Making the candied lime slices, and serving:

  1. Quarter each lime lenthways, then slice each section thinly (about 1/4″ wide).
  2. Bring the sugar and water to the boil in a large frying pan, and add the lime slices. Let them boil around 10 minutes, flipping them over with tongs once or twice.
  3. Reduce the heat to a simmer, and leave until the liquid has reduced to a thick syrup (approx. 30 minutes), flipping occasionally.
  4. Remove the lime slices to some greaseproof paper, pour/drizzle the remaining syrup over each, and allow to cool. If they’re a bit too sharp for your liking, sprinkle a pinch of caster sugar over each.
  5. Turn out the tart from the tin and remove the lining paper when fully cooled, then place the lime slices. You can also dust with icing sugar if you like.
  6. It’s best to use a hot knife to slice this – run the knife under very hot water, then dry with a towel.

Pastry Notes
You don’t want the dough to be too damp, even though wetter pastry is easier to handle – it can be really tough in the baked tart, and it can also shrink out of shape when baked. Err on the side of just a teeny bit too crumbly – you’ll work it together when you roll it out, and you can always patch up in the tin.

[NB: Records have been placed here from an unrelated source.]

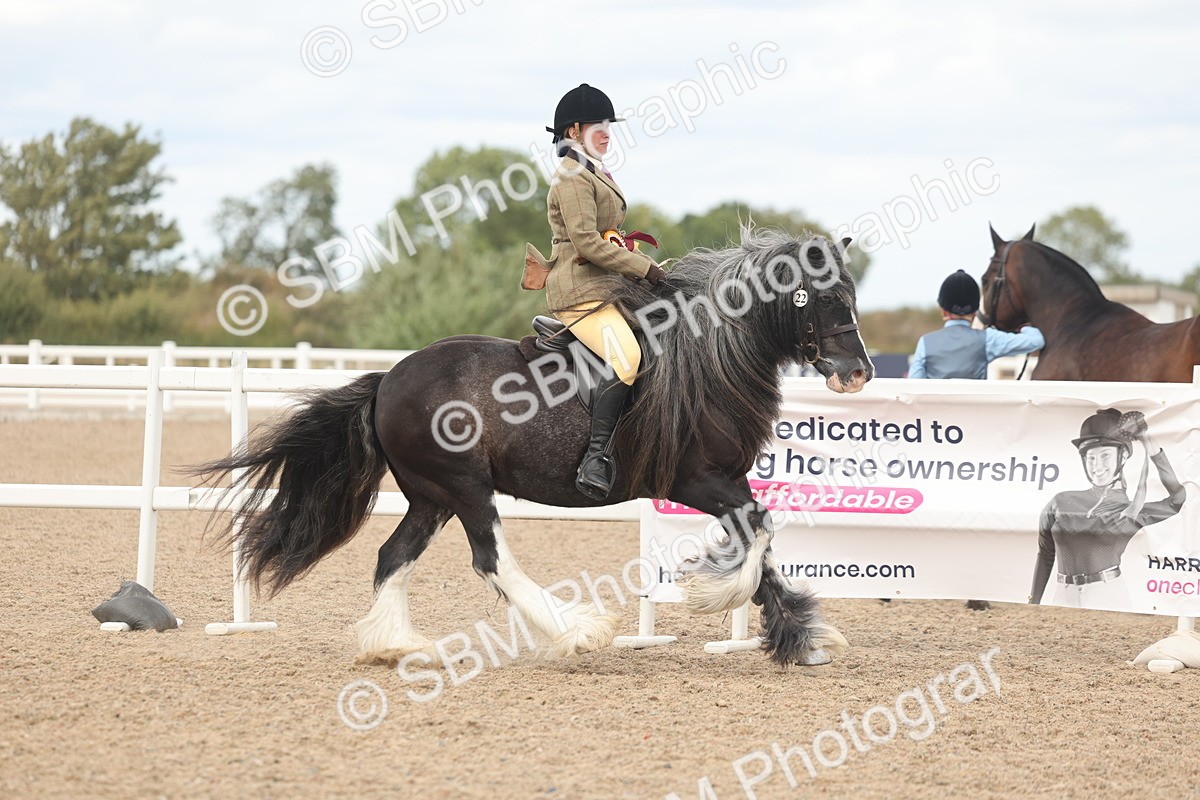 SBM_18096 - Class 314 - Family Horse Pony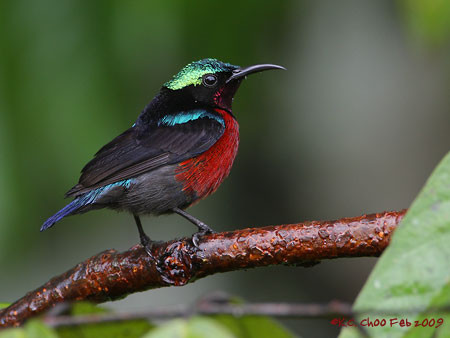 Purple-throated Sunbird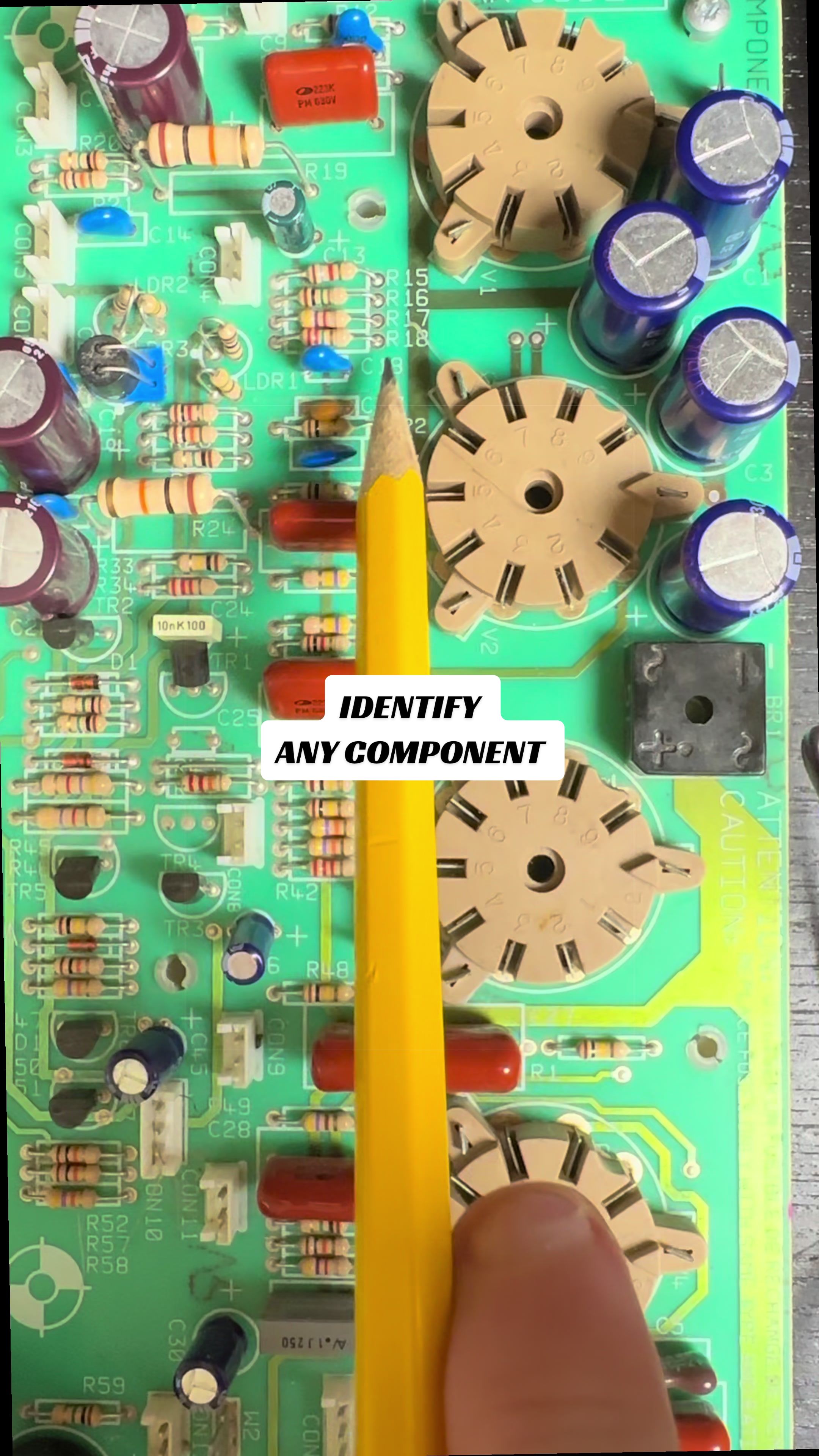@Miss Shy | Instrument Repair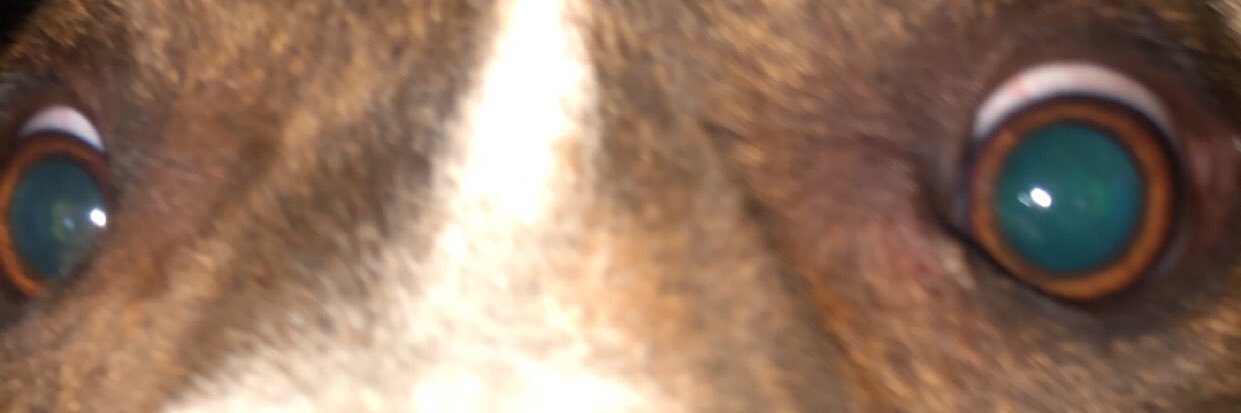dadizaac's profile banner image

It takes MUCH less egg than you think it will – so start with only 1/4 of a large beaten egg.

Overnight Preparation
To save time on the day of baking, you can make the pastry the night before (Steps 1 & 2) and leave in the fridge to chill. Let it come up to room temperature before rolling.

If doing this, you can make the candied lime slices too, and leave them overnight on the counter.

Alternative Kit
You could use these same ingredients to make 24 individually-sized tartlettes.
1. You’ll need two nonstick 12-hole Yorkshire pudding tins (or other shallow muffin/bun tins), generously greased. Use a 3″ (7.5cm) diameter cutter on the pastry to get 24 discs, and press into each tin hole.

2. Prick each pastry case all over with a fork, then bake for 15 minutes (turn the trays halfway through for even baking).

3. Remove each pastry case from the tins to a cooling rack, and brush with beaten egg as per Pastry Step 6 to seal them. Put the pastry cases onto 2 baking sheets.

4. After the filling is heated on the hob, spoon it into each case, and bake for around 15 minutes.
5. If doing this, you only need 1/2 the filling (about 1 & 1/2 tablespoons per pastry case).

Save the rest to marble in when you next make home-made ice cream; or, just make 1/2 the filling amount.
6. A simple dusting of icing sugar works better with smaller tartlettes like these, rather than the candied lime slices.